With the league stabilized, Abbott helped in other areas. He and Garber flew to Salzburg, Austria, twice to meet with Dietrich Mateschitz, before the Red Bull owner purchased the MetroStars in 2006 and renamed the club the New York Red Bulls.
In 2022, Abbott decided to leave MLS to take on new challenges.
In September 2023, Abbott returned to Georgetown University, along with his wife, to be a distinguished executive-in-residence. His wife Mareta Hamre joined the school’s Berkley Center for Religion, Peace & World Affairs as a research fellow. Both appointments were for one year. The couple met at the Berkeley Law School, where he served as the managing editor and she as the notes editor for the California Law Review.
Abbott, 60, was gratified with the way MLS and the sport have grown over the past three decades.
“It’s been an unbelievable opportunity to have been involved with something from the very start,” he told SportsProMedia.com in 2022. “When you’re 28 years old, you can’t think of what something’s going to look like 30 years [later], it’s impossible to think of those timescales. But to have seen what has happened over this period of time and to see the continued opportunity for growth, I couldn’t be more optimistic about what’s going to happen with our league in — forget 30 years — the next five years.

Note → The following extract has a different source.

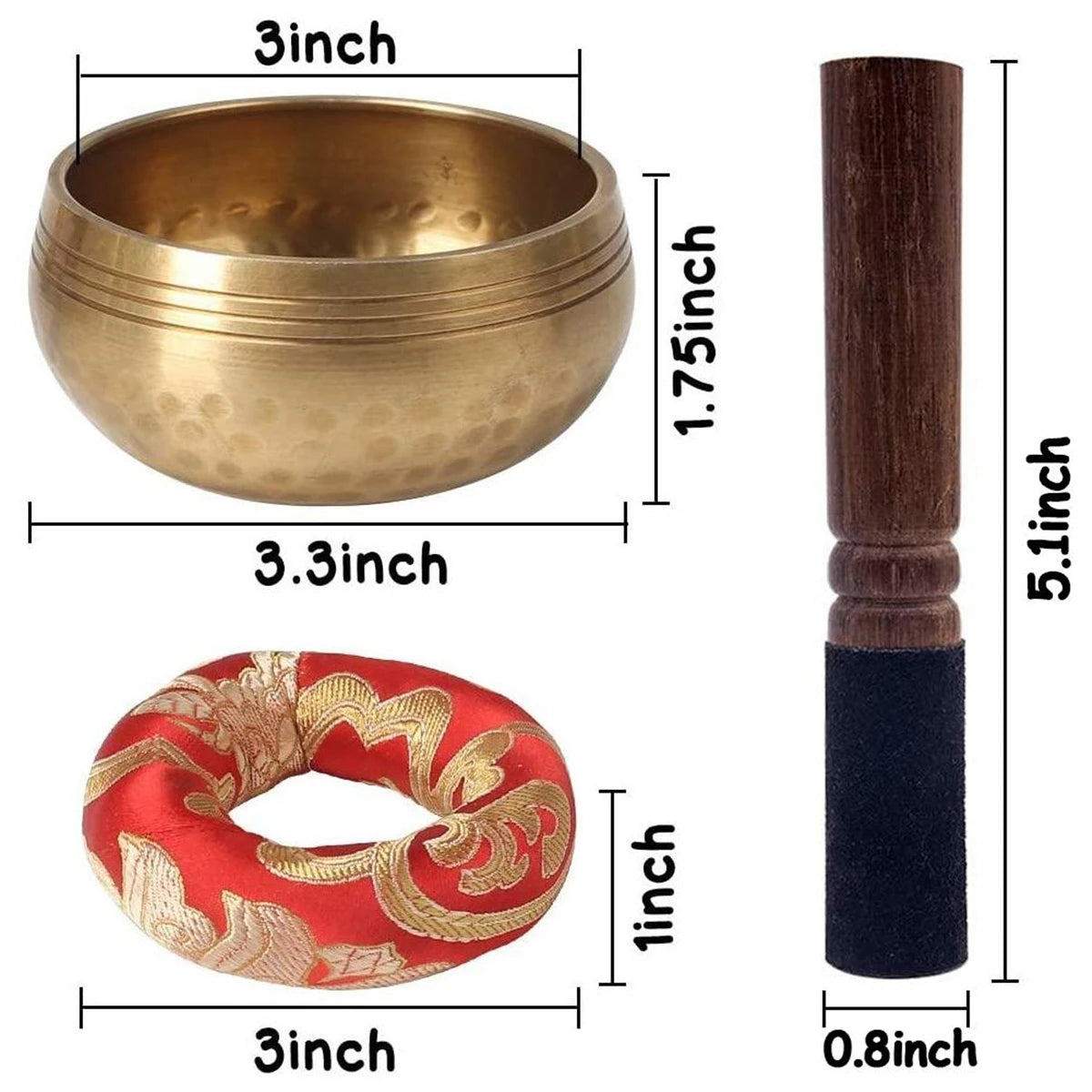 Tibetan Singing Bowl Set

“I’m immensely proud of that. And just grateful to have been given this opportunity to be part of it.”
He had no doubts that soccer would soar to new heights.
“I believed that this would be a major league in this country, which it has become, and all of the things that go along with that in terms of value and relevance and interest and passion and connection,” Abbott told SBJ. “This is what I imagined.”